Bradley Joseph chronology
| Hymns and Spiritual Songs (2007) | Classic Christmas (2008) | Suites & Sweets (2009) |

= Classic Christmas (Bradley Joseph album) =

Classic Christmas is the 15th studio album by Bradley Joseph released in 2008 on the Robbins Island Music label.

While discussing, Classic Christmas, Gerry Grzyb, chairman of the University of Wisconsin–Oshkosh sociology department, states that Joseph's usual approach is to play the carol straight, and then add his own twists. "he's very effective at that—he doesn't stray as far as a jazz or classical organ improviser might, but he does keep the interest up." Grzyb says that the same applies to Joseph's earlier Christmas Around the World album, which he found even more interesting because of the use of other instrumental sounds (added via keyboards).

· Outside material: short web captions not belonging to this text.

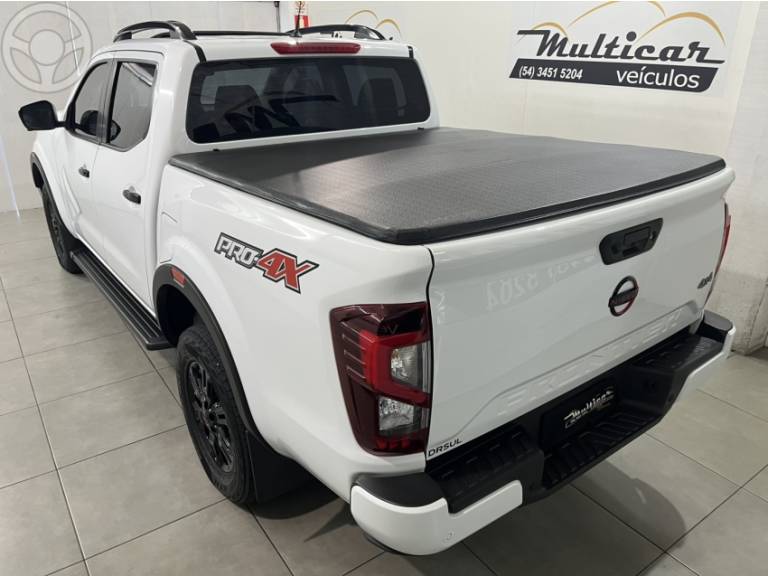 NISSAN - FRONTIER 2.3 PRO4X 4X4 CD BI-TURBO DIESEL 4P AUTOMÁTICO - 2023/2024 - BRANCA - R$ 234.900,00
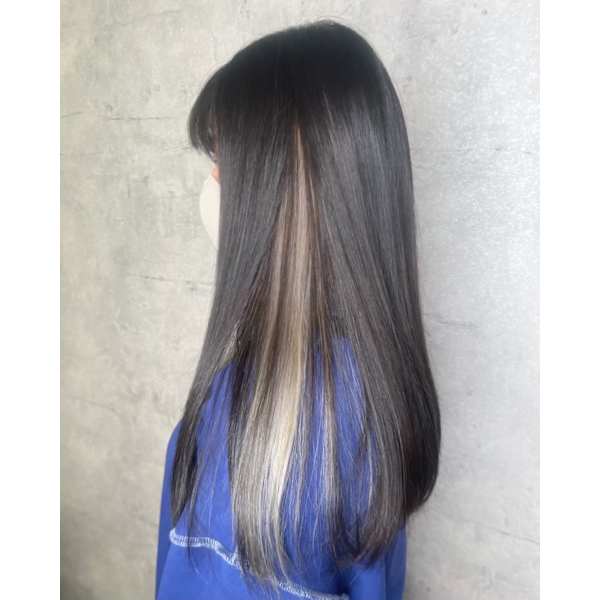 【平日限定】イヤリングorインナーブリーチ+カラー¥11000/上大岡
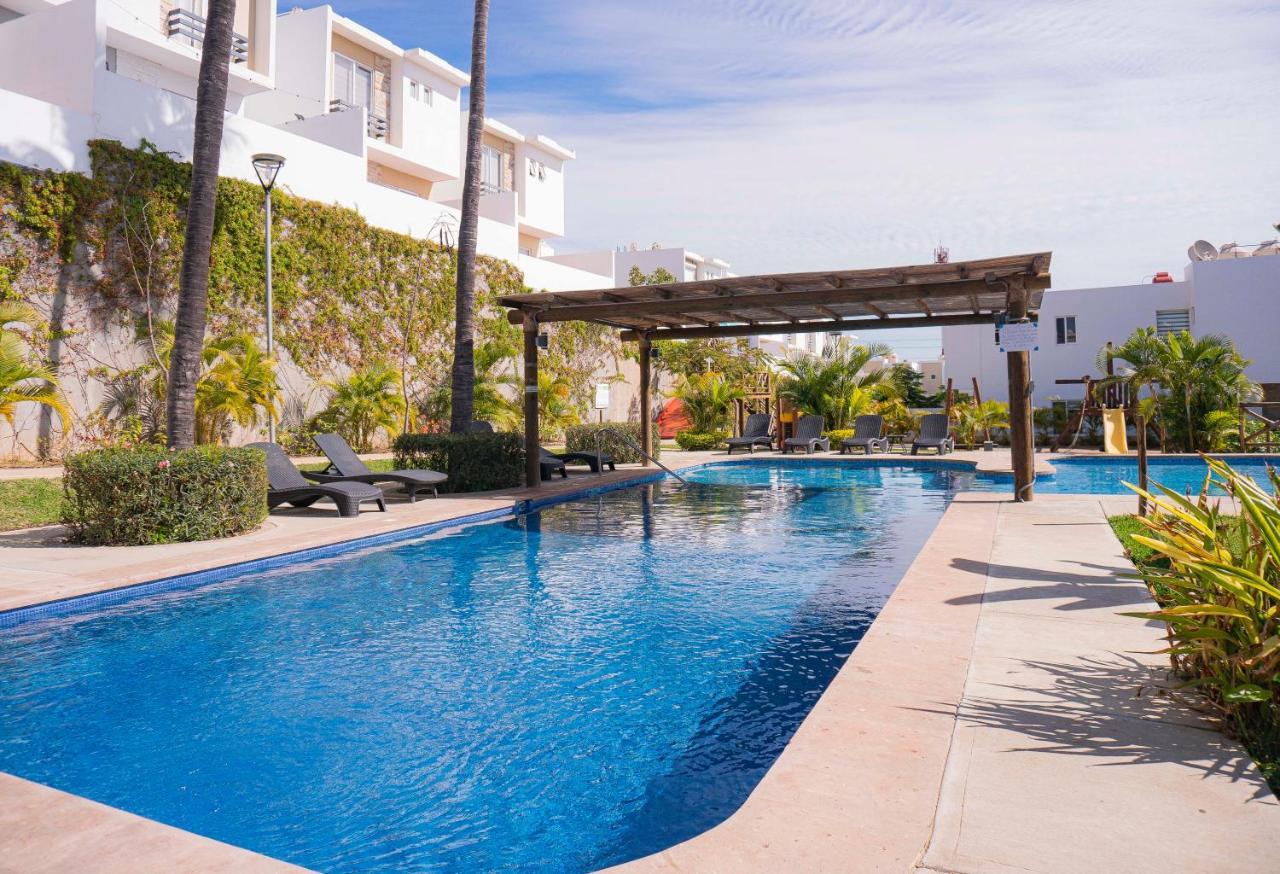 Casa En Privada Frente A La Playa Con Alberca! Villa Масатлан Екстериор снимка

In a review by Carol Swanson, this album is an hour of "well-executed new age piano...gentle renditions of fourteen holiday favorites". She goes on to say that "Joseph's playing is measured and thoughtful, but never plodding, such as "'We Three Kings'...is elegant in its simplicity, with just a touch of exotic flavors".

==Track listing==
1. "Angels We Have Heard on High" - 4:58
2. "Oh, Little Town of Bethlehem" - 4:48
3. "O Come All Ye Faithful" - 3:15
4. "The Wassail Song - 3:28
5. "Deck the Halls" - 3:17
6. "O Christmas Tree" - 4:08
7. "We Three Kings" - 6:04
8. "Up on the Housetop" - 4:32
9. "The First Noel" - 3:52
10. "Jingle Bells" - 4:49
11. "Away in a Manger" - 4:19
12. "It Came Upon the Midnight Clear" - 5:10
13. "What Child Is This?" - 4:33
14. "We Wish You a Merry Christmas" - 3:30

==Personnel==
- All music arranged and performed by Bradley Joseph.